Esta es una confesión tardía. Si mañana la policía del derecho de autor toca mi puerta, sabrán –silenciosísimos lectores- que mi intención es de redención. No me jacto en el crimen, ni en el buen uso que hice de una creación ajena.
Tal vez desde la panza de mi mamá, recuerdo desde que soy muy chica que mi papá siempre me regalaba libros. En mi cumple de 8 yo esperaba alguna Barbie princesa, que nunca tuve como las que tenían mis primas: Barbie negra, Ken ejecutivo, pero recibí de mi padre seis o siete libros de cuentos o novelas para lectores jóvenes. Así como por fuerza de imposición o por confusión de niña inexperta, mi primera publicación tuvo origen en un uso desviado de los textos (por decirlo finamente).

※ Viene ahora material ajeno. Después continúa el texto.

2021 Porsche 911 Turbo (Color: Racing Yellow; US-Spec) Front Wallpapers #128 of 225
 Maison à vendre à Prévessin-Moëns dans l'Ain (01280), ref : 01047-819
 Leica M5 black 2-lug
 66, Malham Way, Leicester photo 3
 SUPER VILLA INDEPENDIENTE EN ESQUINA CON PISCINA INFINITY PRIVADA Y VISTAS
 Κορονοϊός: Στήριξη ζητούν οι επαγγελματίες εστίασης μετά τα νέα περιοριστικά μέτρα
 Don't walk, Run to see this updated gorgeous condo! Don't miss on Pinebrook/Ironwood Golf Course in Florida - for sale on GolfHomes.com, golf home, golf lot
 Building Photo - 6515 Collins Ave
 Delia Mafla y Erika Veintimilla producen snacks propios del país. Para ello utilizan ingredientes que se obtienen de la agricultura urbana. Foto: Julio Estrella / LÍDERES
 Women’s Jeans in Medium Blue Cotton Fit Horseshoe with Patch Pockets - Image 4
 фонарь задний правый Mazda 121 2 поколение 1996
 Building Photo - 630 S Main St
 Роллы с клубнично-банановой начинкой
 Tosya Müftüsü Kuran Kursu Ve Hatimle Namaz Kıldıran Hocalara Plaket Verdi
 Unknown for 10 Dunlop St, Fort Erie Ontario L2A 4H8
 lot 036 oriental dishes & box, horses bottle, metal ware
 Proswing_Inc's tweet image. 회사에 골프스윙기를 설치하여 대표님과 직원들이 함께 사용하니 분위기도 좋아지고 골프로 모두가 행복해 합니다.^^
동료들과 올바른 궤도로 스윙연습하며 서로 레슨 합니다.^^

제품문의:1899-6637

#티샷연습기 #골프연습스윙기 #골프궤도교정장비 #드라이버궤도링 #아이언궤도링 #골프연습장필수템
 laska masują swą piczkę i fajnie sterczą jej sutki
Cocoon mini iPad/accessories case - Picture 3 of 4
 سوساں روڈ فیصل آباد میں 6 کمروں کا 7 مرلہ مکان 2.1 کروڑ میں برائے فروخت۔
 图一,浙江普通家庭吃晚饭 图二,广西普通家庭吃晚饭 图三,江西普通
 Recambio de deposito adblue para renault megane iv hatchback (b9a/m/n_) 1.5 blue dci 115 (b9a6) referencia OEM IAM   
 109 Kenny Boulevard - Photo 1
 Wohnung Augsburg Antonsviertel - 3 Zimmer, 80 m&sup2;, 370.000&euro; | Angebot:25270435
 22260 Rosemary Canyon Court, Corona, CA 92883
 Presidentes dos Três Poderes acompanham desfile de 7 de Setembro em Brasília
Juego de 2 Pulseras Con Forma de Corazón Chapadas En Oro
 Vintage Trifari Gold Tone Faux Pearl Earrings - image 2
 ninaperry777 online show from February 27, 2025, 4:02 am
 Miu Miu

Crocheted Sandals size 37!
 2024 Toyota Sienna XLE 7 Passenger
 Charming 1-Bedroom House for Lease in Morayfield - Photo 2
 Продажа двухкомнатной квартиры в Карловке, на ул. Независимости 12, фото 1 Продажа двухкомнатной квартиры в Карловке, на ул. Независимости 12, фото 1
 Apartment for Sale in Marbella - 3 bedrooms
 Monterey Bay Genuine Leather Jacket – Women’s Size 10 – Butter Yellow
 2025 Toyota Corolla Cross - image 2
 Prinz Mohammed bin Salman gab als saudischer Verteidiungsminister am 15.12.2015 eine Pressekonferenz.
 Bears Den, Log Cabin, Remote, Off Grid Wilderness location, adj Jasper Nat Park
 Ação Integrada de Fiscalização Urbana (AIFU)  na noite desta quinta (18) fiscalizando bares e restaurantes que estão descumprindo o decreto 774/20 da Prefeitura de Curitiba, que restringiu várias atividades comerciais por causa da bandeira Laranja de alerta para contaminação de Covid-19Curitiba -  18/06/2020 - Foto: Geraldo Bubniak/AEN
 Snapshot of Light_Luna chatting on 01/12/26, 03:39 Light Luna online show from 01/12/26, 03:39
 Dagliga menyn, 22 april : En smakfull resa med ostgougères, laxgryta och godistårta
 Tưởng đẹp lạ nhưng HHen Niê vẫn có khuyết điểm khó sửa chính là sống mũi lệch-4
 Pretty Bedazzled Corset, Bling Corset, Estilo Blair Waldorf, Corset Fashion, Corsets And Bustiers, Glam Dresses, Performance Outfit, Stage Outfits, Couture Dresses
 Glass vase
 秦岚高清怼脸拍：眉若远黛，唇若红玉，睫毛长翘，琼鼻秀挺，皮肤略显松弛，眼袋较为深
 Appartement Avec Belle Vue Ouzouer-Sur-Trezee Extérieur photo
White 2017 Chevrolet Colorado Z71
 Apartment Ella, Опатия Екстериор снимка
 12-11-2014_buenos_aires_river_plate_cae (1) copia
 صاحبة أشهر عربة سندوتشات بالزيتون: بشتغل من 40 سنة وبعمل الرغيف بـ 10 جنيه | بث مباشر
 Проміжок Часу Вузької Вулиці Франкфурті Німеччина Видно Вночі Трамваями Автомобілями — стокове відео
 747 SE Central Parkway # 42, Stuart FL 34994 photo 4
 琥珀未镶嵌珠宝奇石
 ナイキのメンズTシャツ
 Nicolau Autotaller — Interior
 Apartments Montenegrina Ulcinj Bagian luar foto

Un buen día me decidí a participar en la revista Billiken de la sección que más me gustaba: De Todo un Poco, con mi poesía preferida que al día de hoy la repito de memoria. Casi casi como si fuese mía. Arranqué una hoja Rivadavia y escribí con letra de hormiguita:
Un canario que ladra si está triste
Que come cartulina en vez de alpiste,
Que se pasea en coche
Y toma sol de noche
Estoy casi segura que no existe.
Florencia Golds
Después vino el tiempo de espera e intriga. En cada edición era hacer volar las páginas hasta la última. Una mañana me ví en un recuadro. La alegría se expandió por las habitaciones de mi casa. El texto estaba acompañado por una ilustración divina de un pajarito en un autito con una sombrilla en la cabeza. Ahí caí en la cuenta de mi craso error: olvidarme de citar a la autora, la sra. María Elena Walsh. Tengo la imagen de mi papá hinchado de alegría, mostrándole la página a sus amigos y estampándome un beso ruidoso, hoy cuando publican una nota mía lo sigue haciendo. Aunque ya por suerte y con más cuidado, lo juro Sr. juez, aprendí a no plagiar.